From a gamer's perspective, Need for Speed seems an odd choice for a movie. In 20 years and as many games, EA's glossy, hyper-real street-racing series has never produced a character or storyline worth a damn, although it has tried - notably in 2011's misfire The Run and the horribly gauche live-action cut-scenes of 2005's Most Wanted. At their best, the games are thrilling entertainment, but it's of a kind that has next to nothing to do with cinema.
What on earth did Dreamworks' producers see in it? Something quite simple, I reckon: a chance to use EA's evergreen brand to lever themselves into the cheap, dumb and dirty world of gearhead cinema, currently under the uncontested rule of Universal's enormously profitable and shamefully enjoyable Fast & Furious flicks. And also, significantly: a blank slate. Perhaps if they could write their own story and chisel their own lead, they wouldn't fall into the same pit of dramatic ineptitude that every previous video game adaptation had.

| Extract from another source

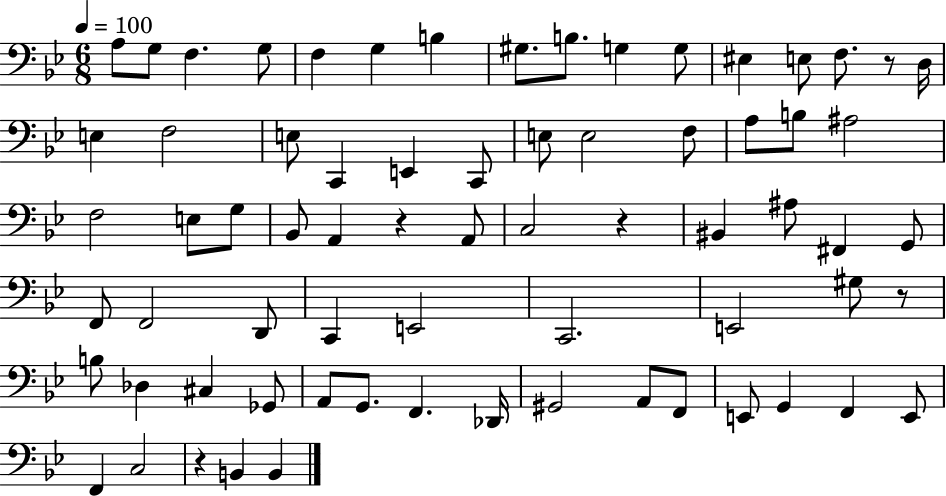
A3/e G3/e F3/q. G3/e F3/q G3/q B3/q G#3/e. B3/e. G3/q G3/e EIS3/q E3/e F3/e. R/e D3/s E3/q F3/h E3/e C2/q E2/q C2/e E3/e E3/h F3/e A3/e B3/e A#3/h F3/h E3/e G3/e Bb2/e A2/q R/q A2/e C3/h R/q BIS2/q A#3/e F#2/q G2/e F2/e F2/h D2/e C2/q E2/h C2/h. E2/h G#3/e R/e B3/e Db3/q C#3/q Gb2/e A2/e G2/e. F2/q. Db2/s G#2/h A2/e F2/e E2/e G2/q F2/q E2/e F2/q C3/h R/q B2/q B2/q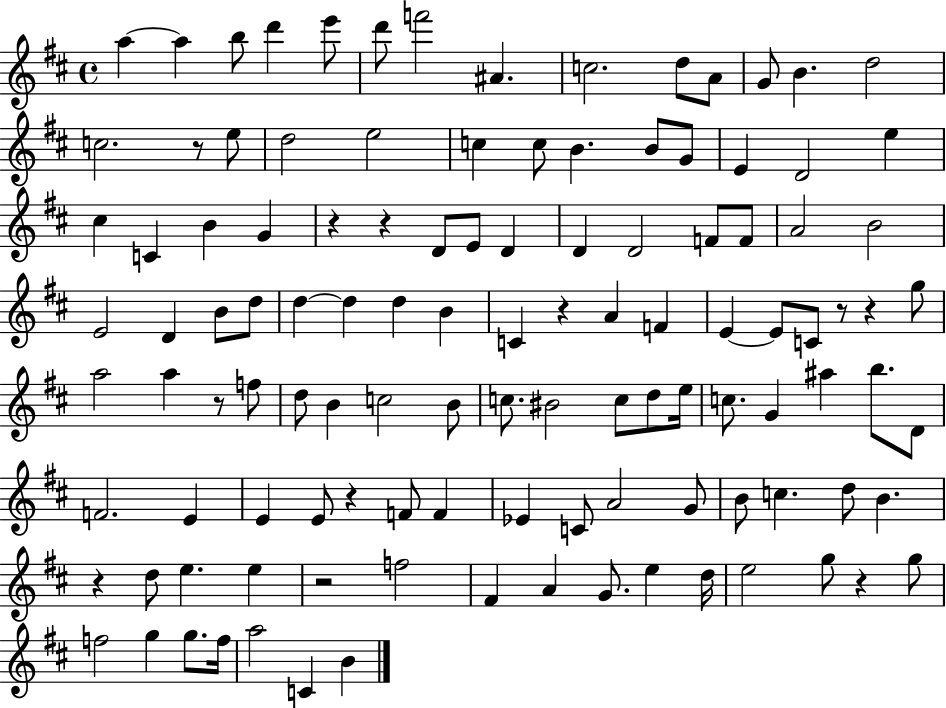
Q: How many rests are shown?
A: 11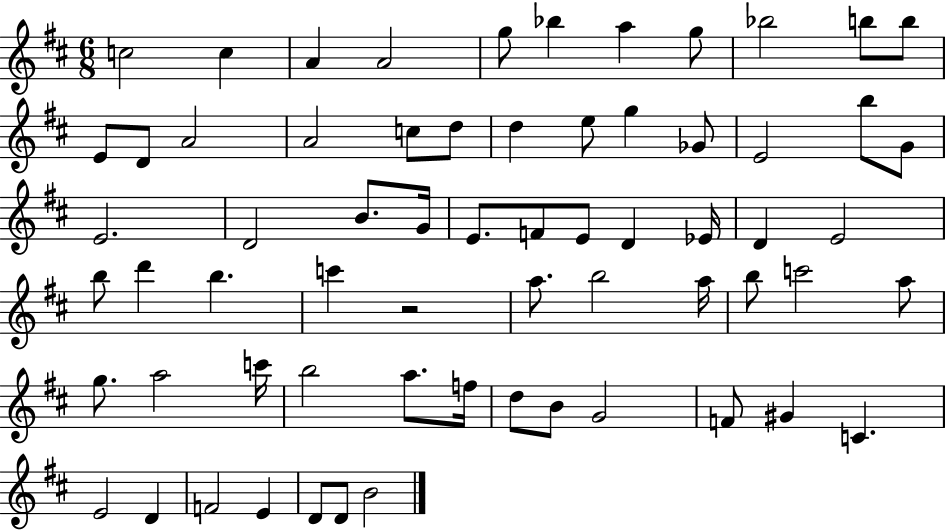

They have anyway. As a dramatic film, Need for Speed is exactly as silly and almost as amateurish as EA's own attempts at blacktop opera. It has a contrived plot and risible characters, leaden gags and flat melodrama, a script that is simply awful, and worst of all, it takes itself seriously. The latter and better Fast & Furious movies seem to know they are straight-up capers, but Need for Speed pictures itself as a tale of honour and redemption.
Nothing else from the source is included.